わたしが最初に感じた違和感の正体が、ようやく腑に落ちた。
「交通事故? それと、病院に現れたお婆さんの怪異に何か関連あるの?」
「同時期に、とあるバカ者たちがやらかした事が、事故の原因らしいのじゃ」
わたしの疑問に、ひなが答えてくれる。
「連くんが事故に遭ったのが、夜の山中の国道なのじゃが、その近く。無人になった集落を、Vチューバーどもが荒らしたのじゃ」
昨今、動画を撮影し、それをネットで配信して収入を得たり、人気者になったりする人たちがいる。

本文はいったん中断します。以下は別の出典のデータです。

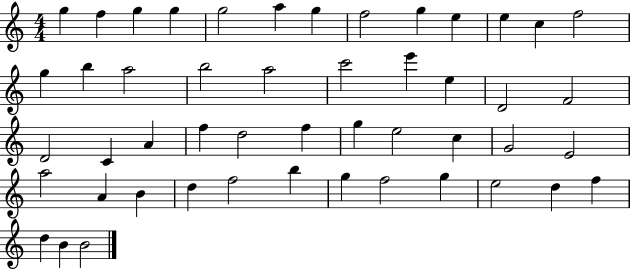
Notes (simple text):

G5/q F5/q G5/q G5/q G5/h A5/q G5/q F5/h G5/q E5/q E5/q C5/q F5/h G5/q B5/q A5/h B5/h A5/h C6/h E6/q E5/q D4/h F4/h D4/h C4/q A4/q F5/q D5/h F5/q G5/q E5/h C5/q G4/h E4/h A5/h A4/q B4/q D5/q F5/h B5/q G5/q F5/h G5/q E5/h D5/q F5/q D5/q B4/q B4/h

「それって、最近。迷惑行為で話題になっている人たちだよね、ひなちゃん」
「過去には、軽装備で雪山に昇り遭難した者もおったのじゃ。で、今回は廃墟巡りをしておる奴らなのじゃ」
「廃墟といっても、もちろん所有者がいる建物だから不法侵入。真似しちゃダメよ」
廃墟探索を中心に動画を撮影・配信するグループがあり、彼らは山中にある無人の寂れた集落を訪れたそうだ。
「動画は、これなんだけど。問題なのは、この場面ね」
警視正がカバンからタブレットを取り出し、動画サイトを開く。
そしてあらかじめブックマークしていた映像を写し、時間を先に進めた。
「あ、この祠はダメ!」
「綾香さんの『眼』でも、そう見えますのね。ひなも同意見だったの」
「怖いのじゃ、ここは」
タブレットに映し出された動画、そこには夜の闇の中に浮かぶ何の変哲もない祠。
石作りで何かを祭っていたものが映し出されている。
だが、何を祀っているのかは、どこにも記されていなかった。
そして祠の扉は、貼り付けた御札で封印されている。
「よりにもよって、面白がって祠の封印を壊した彼ら。次の場面で、画面が大きく乱れます」
それまで祠に張られていた封印の紙、御札を破って中を見ようとしていたVチューバー。
石の扉が開かれた瞬間、何かが飛び出すところが映し出され、画像が大きく乱れた
「ん? ここに映っているの、あのお婆さんじゃない?」
「此方もびっくりしたのじゃ!」
撮影者が怯えて激しく揺れる動画。
そこには、数日前に連を覗き込んでいた老婆が映っていた。
「後は映像も無く、撮影者は這う這うの体で逃げたらしいわ」
「あれ? ということは、祠を解放した人は無事なの?」
警視正の言葉に違和感を感じ、わたしはVチューバーの安否を聞いてみた。
「ええ。連くんが襲われた後に関連情報を纏めていて、彼らの存在が分かって、昨日尋問してきたの」
「怖い者しらずのバカが、仕出かす事には困ったのじゃ!」
動画配信サイトに記録されていた情報から、配信者の素性も分かったのだとか。
「彼らが話すには、封印を解いた祠から煙のように出てきた怪異。実体化して彼らを一瞥した後、『ここには居らぬのか』と呟いて、その場を去ったそうよ」
「わたしと戦ったとき、連くんの事をご自分の子どもと勘違いなさってました。あのお婆さん、誰彼構わず襲う悪霊じゃなくて、御子さんを探すのが目的なのでしょうか?」
「おそらくはなのじゃ。じゃが、それが原因で連くんとやらの家族は悲しい事になってしまったのじゃ……」
ひなは、うつむいて、悲しそうな声を出す。
そういえば、連は夜の山中で交通事故に遭ったと聞く。
小学低学年の男の子が一人で夜の山間部国道にいるとは思えない。
「まさか、連くんのご両親は……」
誰もが無言で、空調音だけが妙に大きく聞こえる歓談室。
わたしの中で、連の両親が見舞いに来ないという事実と、夜の交通事故という単語、更にひなや警視正の憂い顔が結びついてしまった。